***** PROVIDED INFORMATION *****

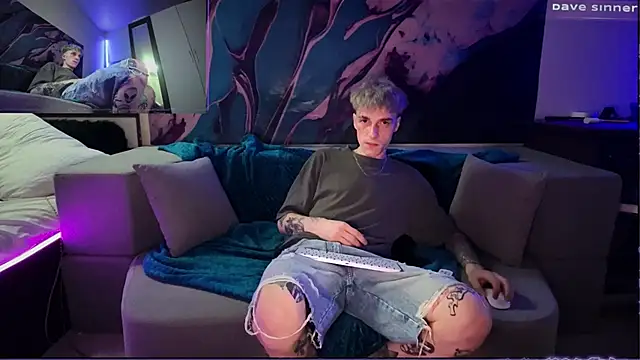 Snapshot of davesinner chatting on 06/05/26, 11:43 davesinner online show from 06/05/26, 11:43
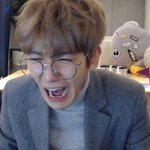 [EXO] 길가다 빙판길에 <b>뒤</b>로 넘어간 날 <b>본</b> 백현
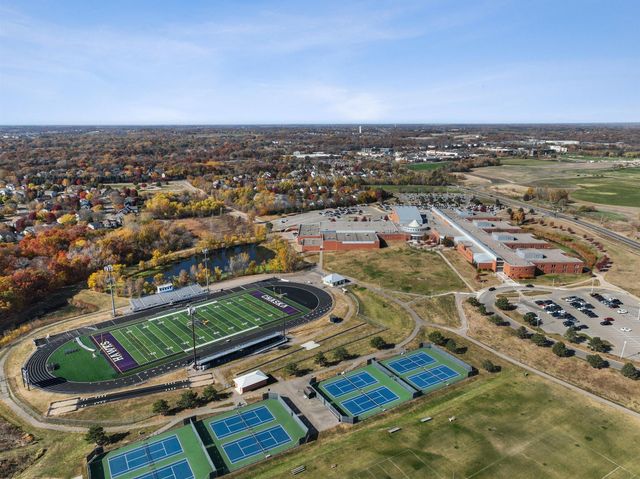 1729 Oak Creek Pass, Chaska, MN 55318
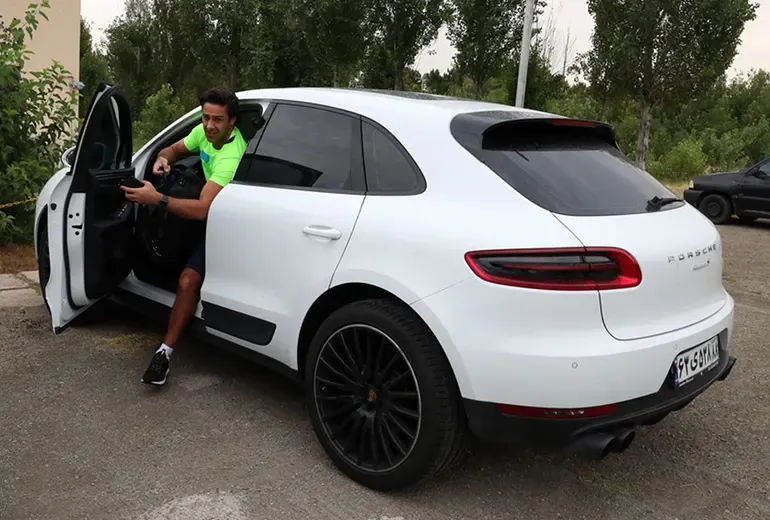 گرانترین خودرو فوتبالیست های داخلی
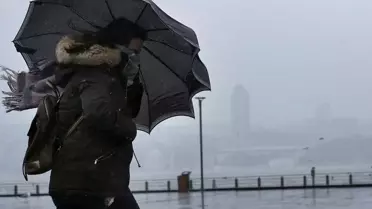 İstanbul’da Şiddetli Sağanak ve 90 km/s Rüzgar Uyarısı: Valilik Alarm Verdi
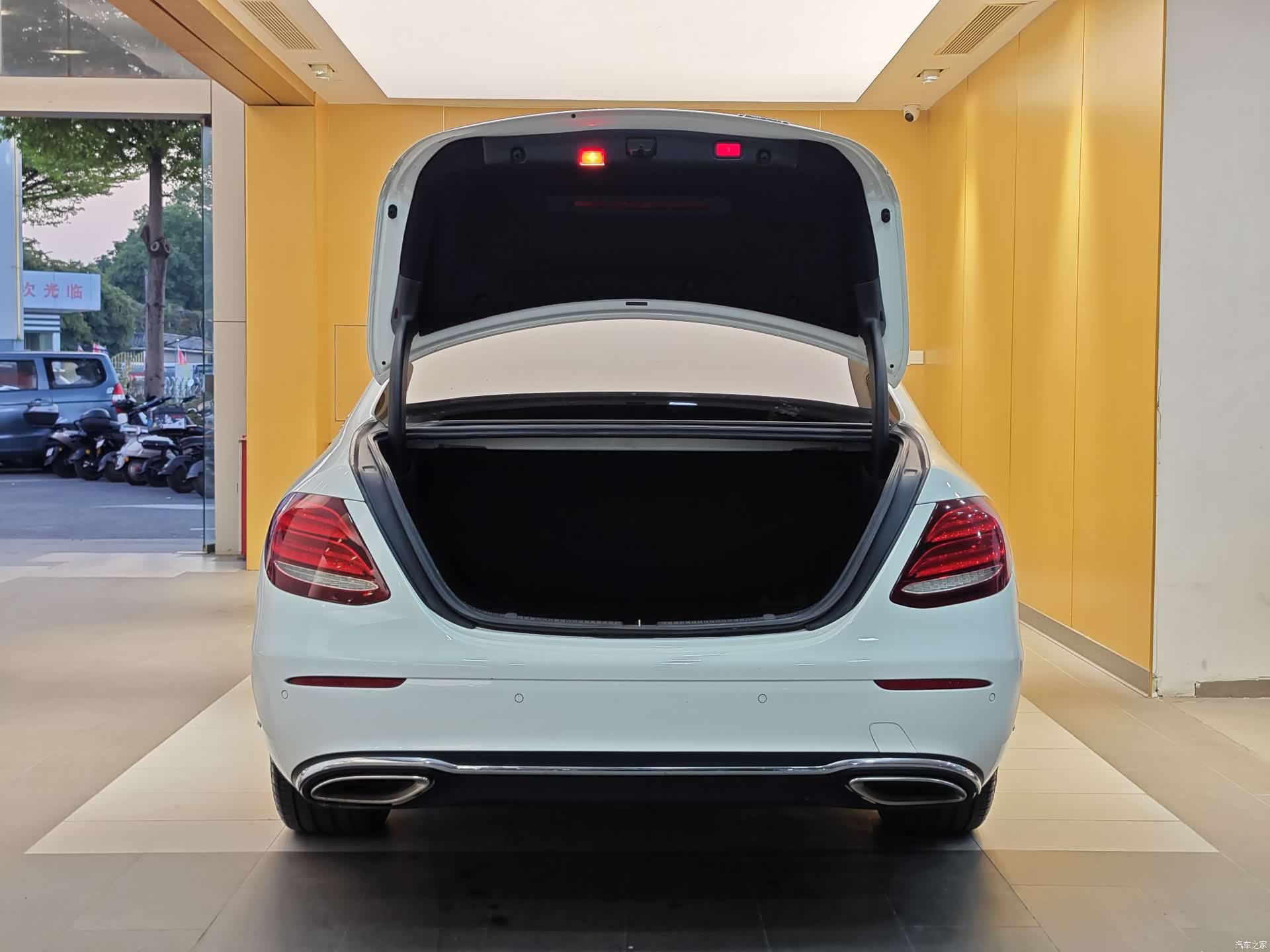 Mercedes-Benz E-Class, 2017 29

*****

**TASK REQUIREMENTS**:
The answer must be an exact restatement of all the records, with no pictures included.

**WRITTEN SOLUTION**:
 Snapshot of davesinner chatting on 06/05/26, 11:43 davesinner online show from 06/05/26, 11:43
 [EXO] 길가다 빙판길에 <b>뒤</b>로 넘어간 날 <b>본</b> 백현
 1729 Oak Creek Pass, Chaska, MN 55318
 گرانترین خودرو فوتبالیست های داخلی
 İstanbul’da Şiddetli Sağanak ve 90 km/s Rüzgar Uyarısı: Valilik Alarm Verdi
 Mercedes-Benz E-Class, 2017 29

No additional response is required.